Regulatory Affairs Professional
The ideal candidate will have a degree level qualification in Engineering, Science, QA, or related field and at least five years' experience as a senior regulatory professional in the medical device industry. Key responsibilities include implementing post-market activities under Post Market Regulatory Reporting and change assessment, approving Vigilance/MDR reporting, supporting and leading Regulatory Post Market System improvements, and managing RA activities for Design Changes and Supplier-related changes.
You will work closely with the Senior Regulatory Affairs Manager and other team members to ensure compliance with relevant Quality System procedures and Work Instructions. This role is an excellent opportunity to add real value to the future success of the company.
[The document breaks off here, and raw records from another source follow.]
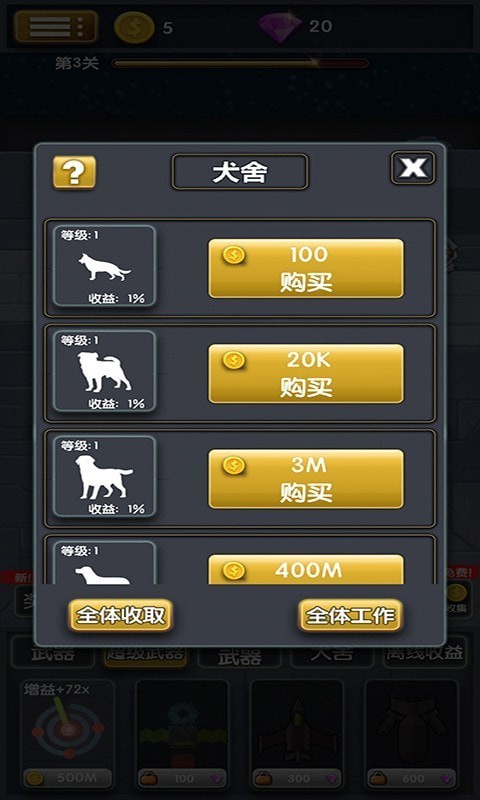 僵尸清除計劃1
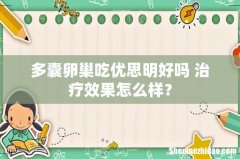 多囊卵巢吃优思明好吗 治疗效果怎么样？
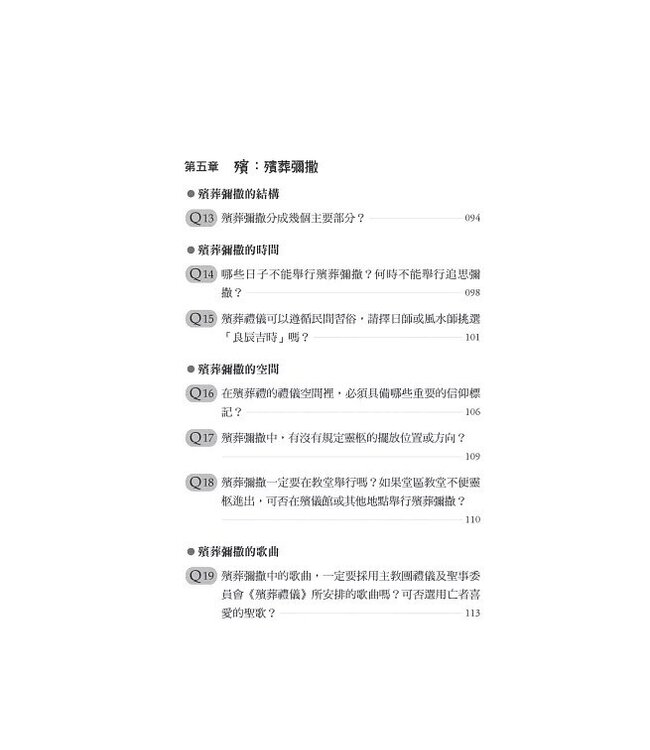殯葬禮儀Q&A：人生最後一程安心指引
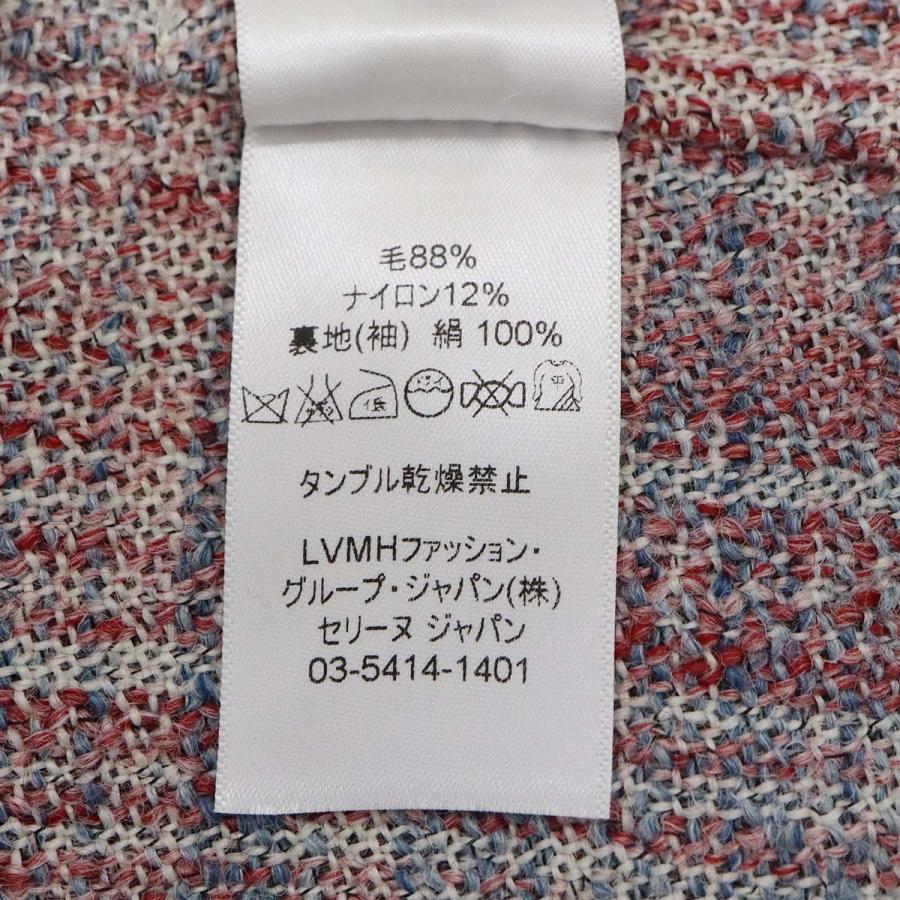 質屋 CELINE セリーヌ チェック柄 ツイード ロングコート 2 8S66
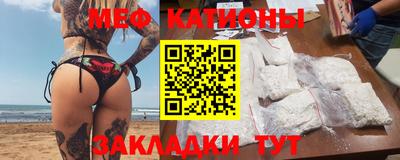 мдпв Балашиха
We are seeking a highly skilled Regulatory Affairs Specialist who can leverage their expertise to drive business growth and improve product quality. If you have a strong background in regulatory affairs and a passion for delivering high-quality results, we encourage you to apply for this challenging and rewarding position.
Key Responsibilities:
* Implementing post-market activities under Post Market Regulatory Reporting and change assessment
* Approving Vigilance/MDR reporting
* Supporting and leading Regulatory Post Market System improvements
* Managing RA activities for Design Changes and Supplier-related changes
Requirements:
A degree level qualification in Engineering, Science, QA, or related field and at least five years' experience as a senior regulatory professional in the medical device industry. Experience of FDA guidance for sterile implantable products in premarket approvals is desirable.
What We Offer:
This is a fantastic opportunity to join a dynamic and growing company and contribute to the development of innovative medical devices. As a member of our team, you will have the chance to work on challenging projects, develop your skills, and advance your career in a supportive and collaborative environment.